* **What to do**
All records below are to be transcribed exactly, with every picture left out.

* **Supplied records**
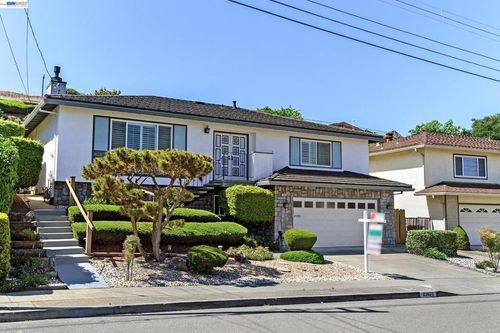 21671 Shady Spring Rd, Castro Valley, CA, 94546-6837 | Card Image
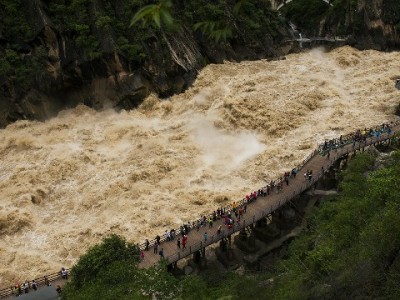 抖音月付店礼物能提现吗？官方规则与风险提醒全解析
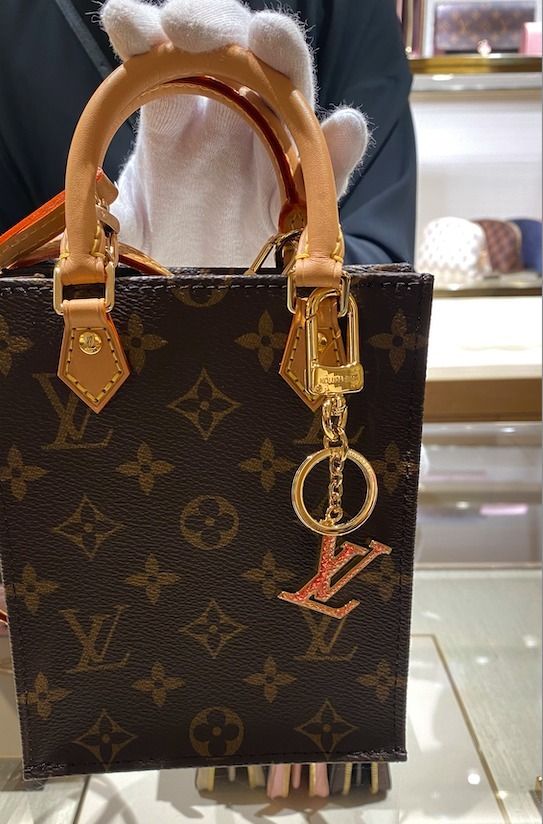 入手困難】ルイヴィトン プティット サックプラ モノグラム (Louis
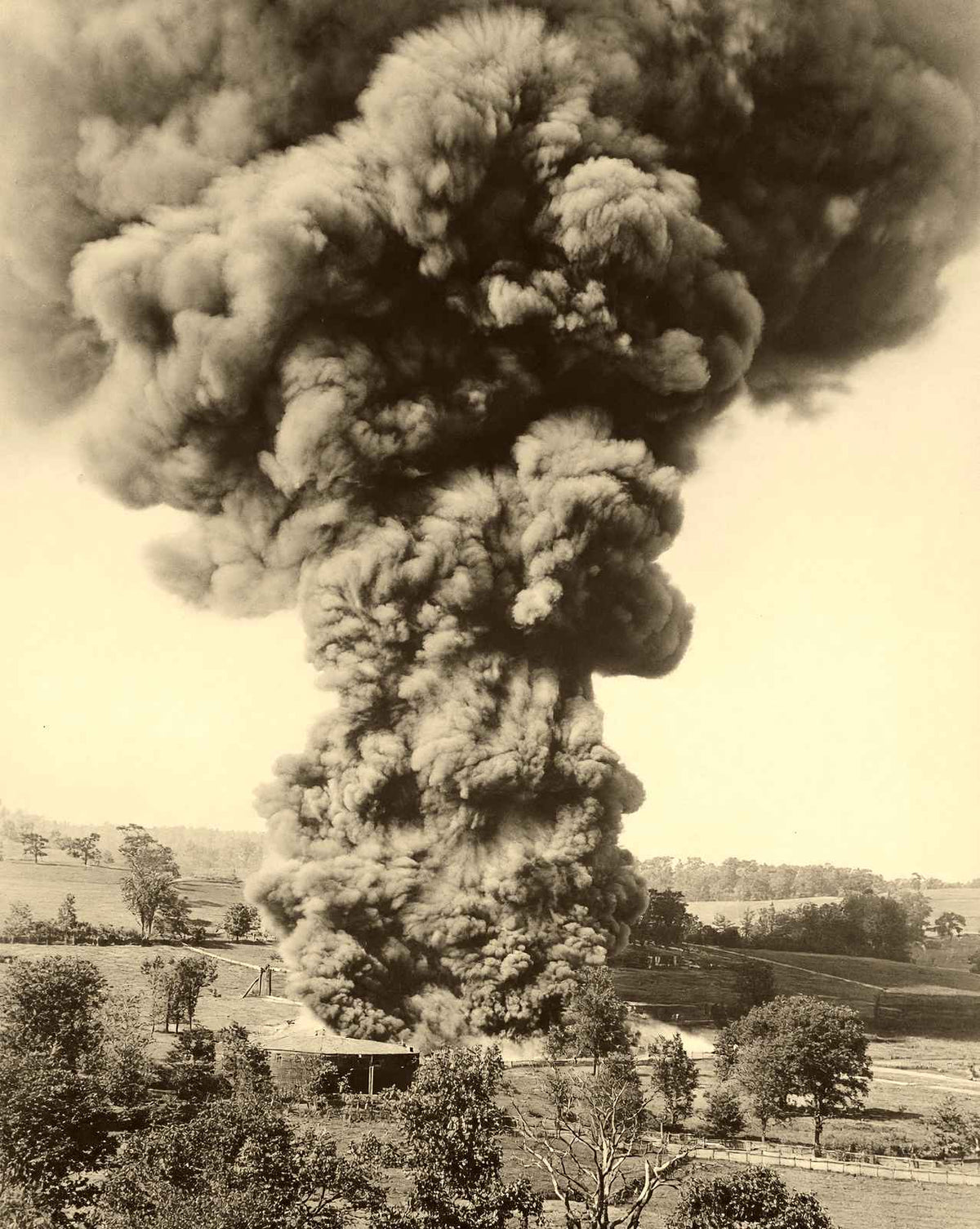 30,000-Barrel Oil Tank Fire, Washington Co PA vintage photo print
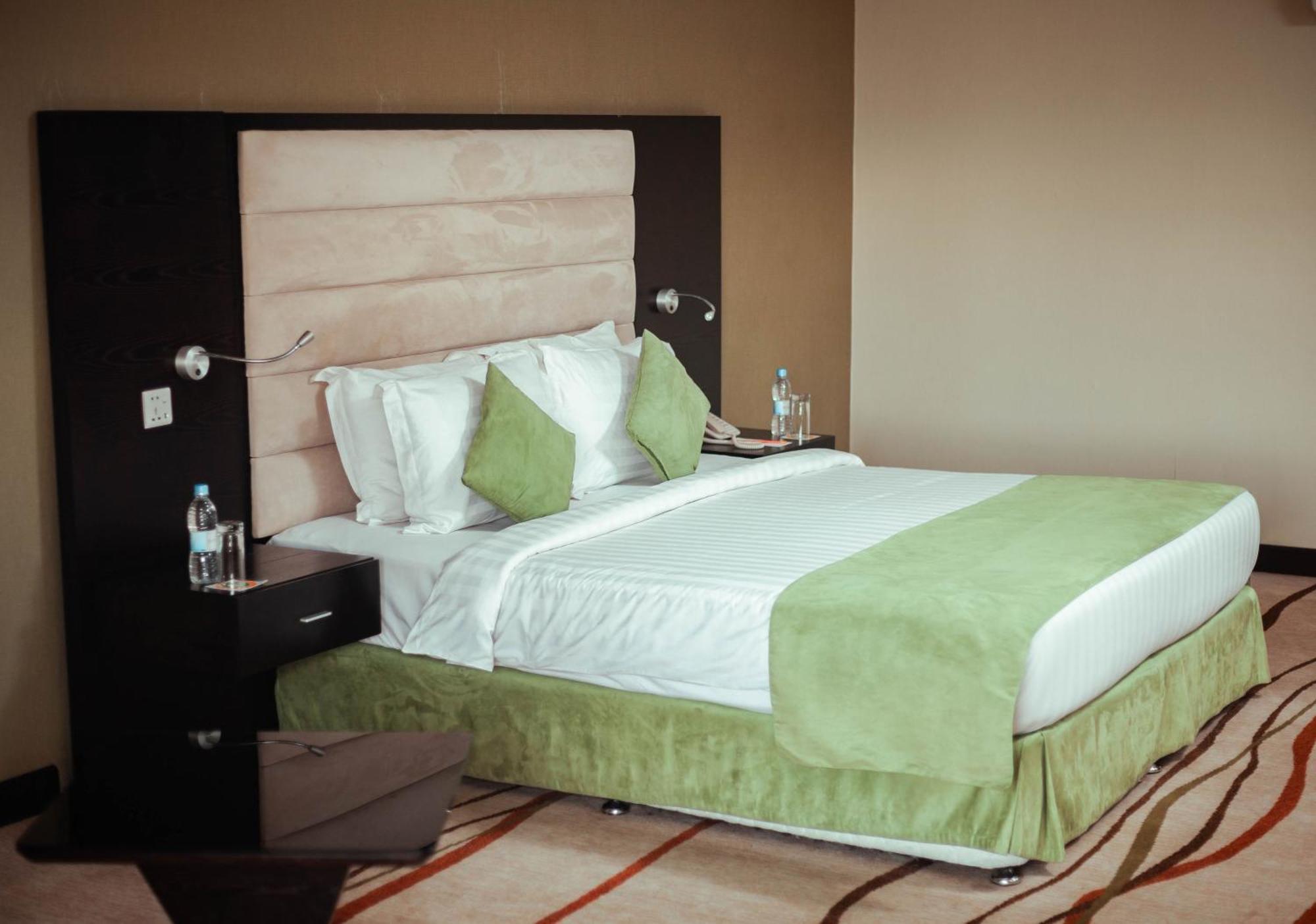 Crossroads Hotel Blantyre Buitenkant foto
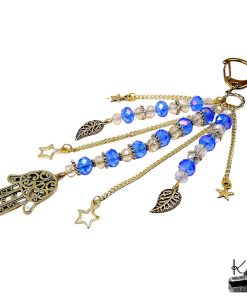 Bijou de sac artisanal Azura en métal argenté, perles en verre facetté et symboles d'étoiles et de Hamsa, créé par Le Trésor des Korriganes.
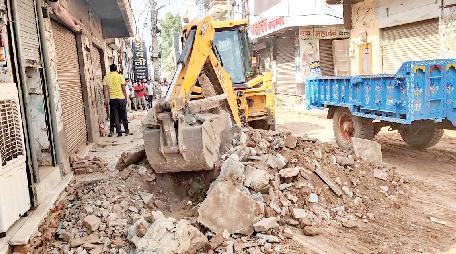 माता मसानी की ओर जाने वाले मार्ग पर चबूतरे पर चला पीला पंजा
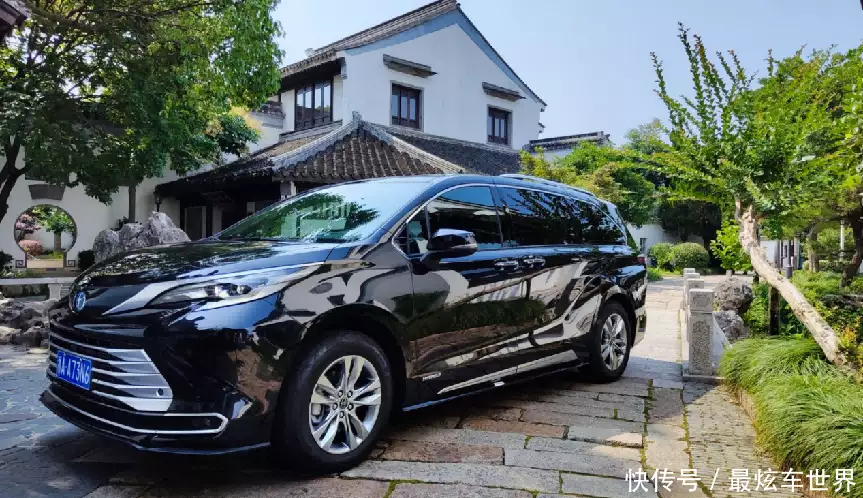 0多万不吃亏不上当，丰田赛那适合家用，销量远超十万台倪妮黑色吊带裙写真美照！每一张都值得收藏！（丰田赛那sienna报价）"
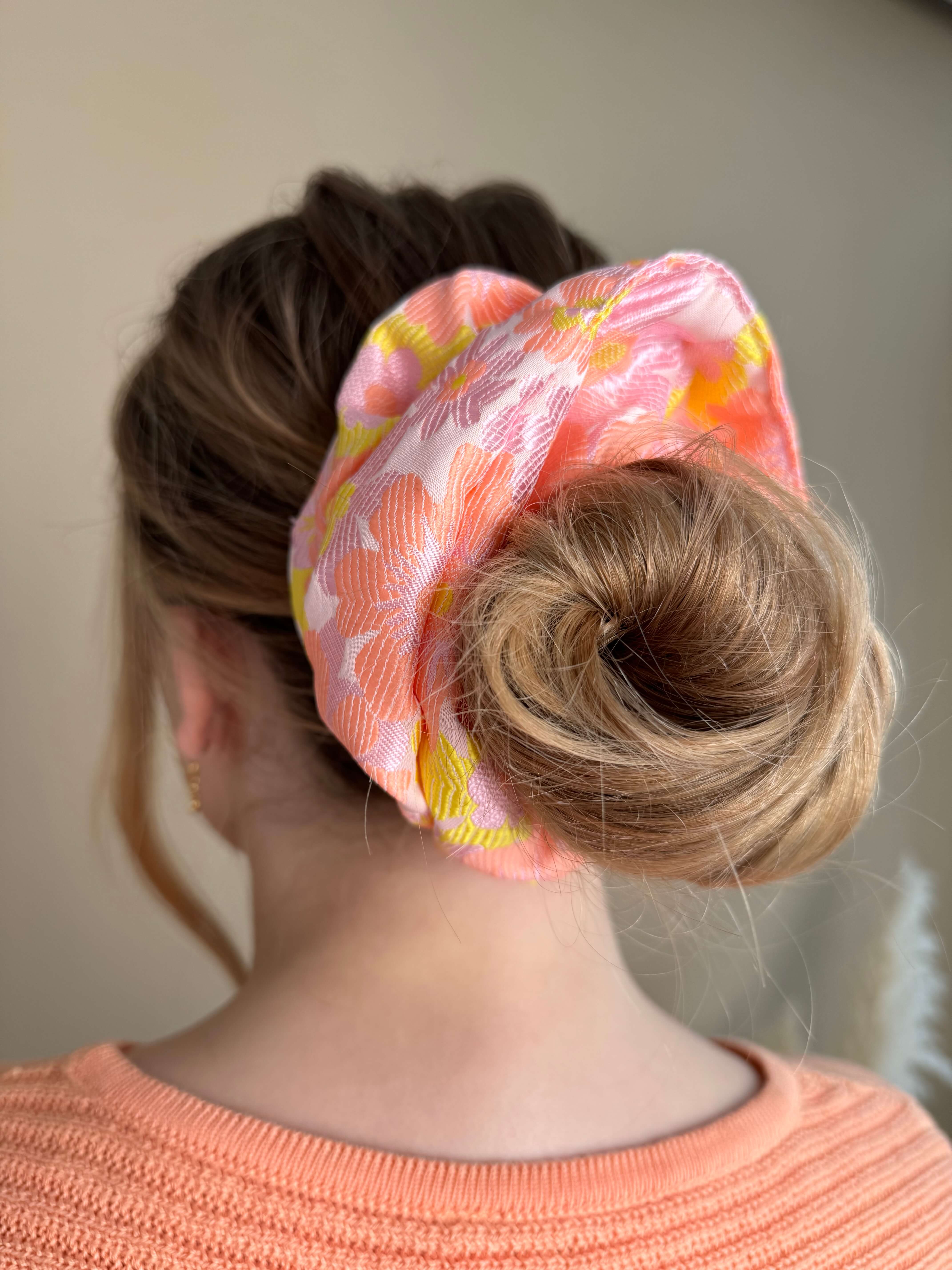 Maxi scrunchie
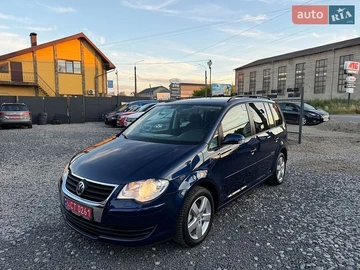 Авто Volkswagen Touran 2008 № 8934540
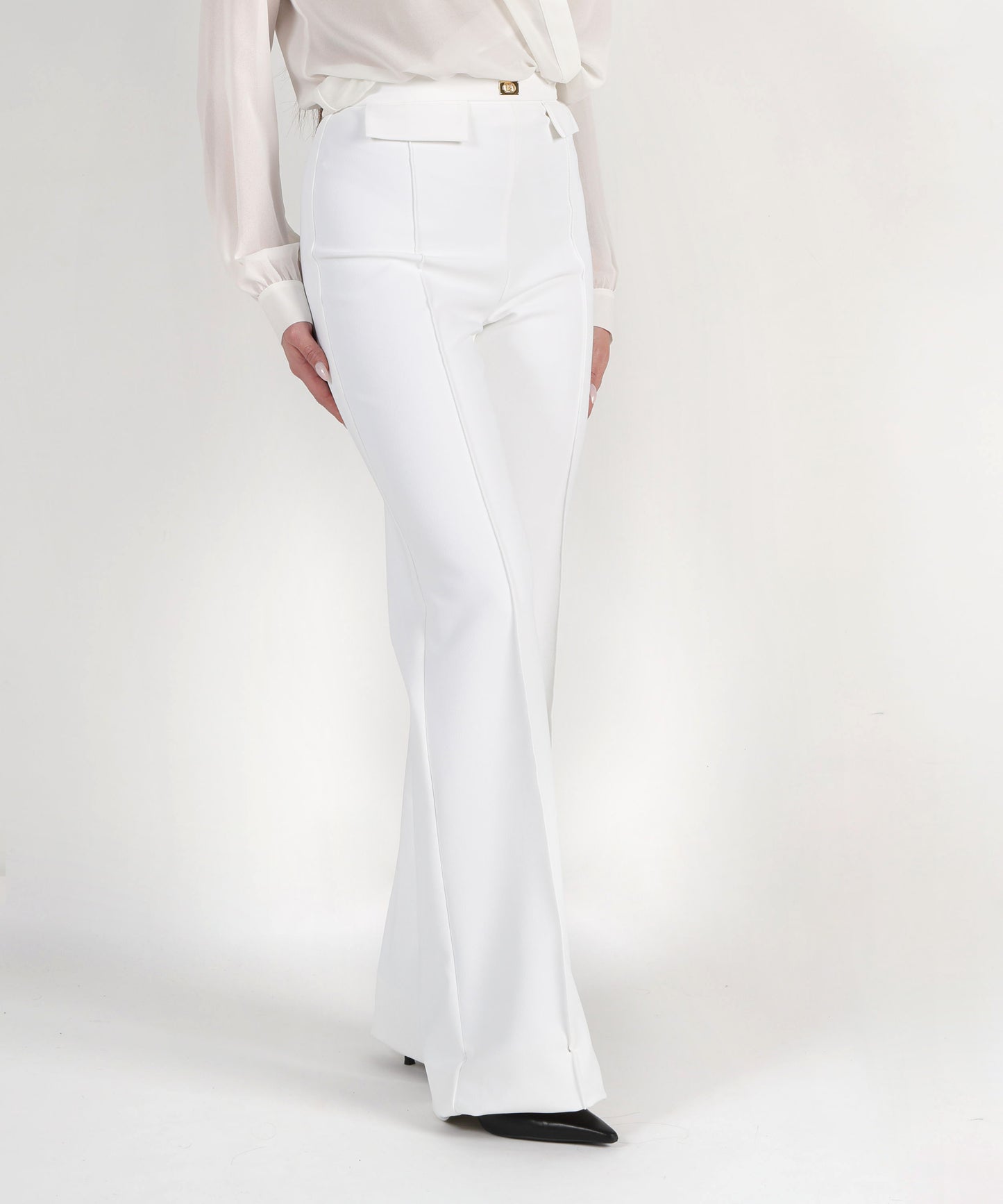 ELISABETTA FRANCHI Pantaloni in crêpe con placca logo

* **Problem solution**
 21671 Shady Spring Rd, Castro Valley, CA, 94546-6837 | Card Image
 抖音月付店礼物能提现吗？官方规则与风险提醒全解析
 入手困難】ルイヴィトン プティット サックプラ モノグラム (Louis
 30,000-Barrel Oil Tank Fire, Washington Co PA vintage photo print
 Crossroads Hotel Blantyre Buitenkant foto
 Bijou de sac artisanal Azura en métal argenté, perles en verre facetté et symboles d'étoiles et de Hamsa, créé par Le Trésor des Korriganes.
 माता मसानी की ओर जाने वाले मार्ग पर चबूतरे पर चला पीला पंजा
 0多万不吃亏不上当，丰田赛那适合家用，销量远超十万台倪妮黑色吊带裙写真美照！每一张都值得收藏！（丰田赛那sienna报价）"
 Maxi scrunchie
 Авто Volkswagen Touran 2008 № 8934540
 ELISABETTA FRANCHI Pantaloni in crêpe con placca logo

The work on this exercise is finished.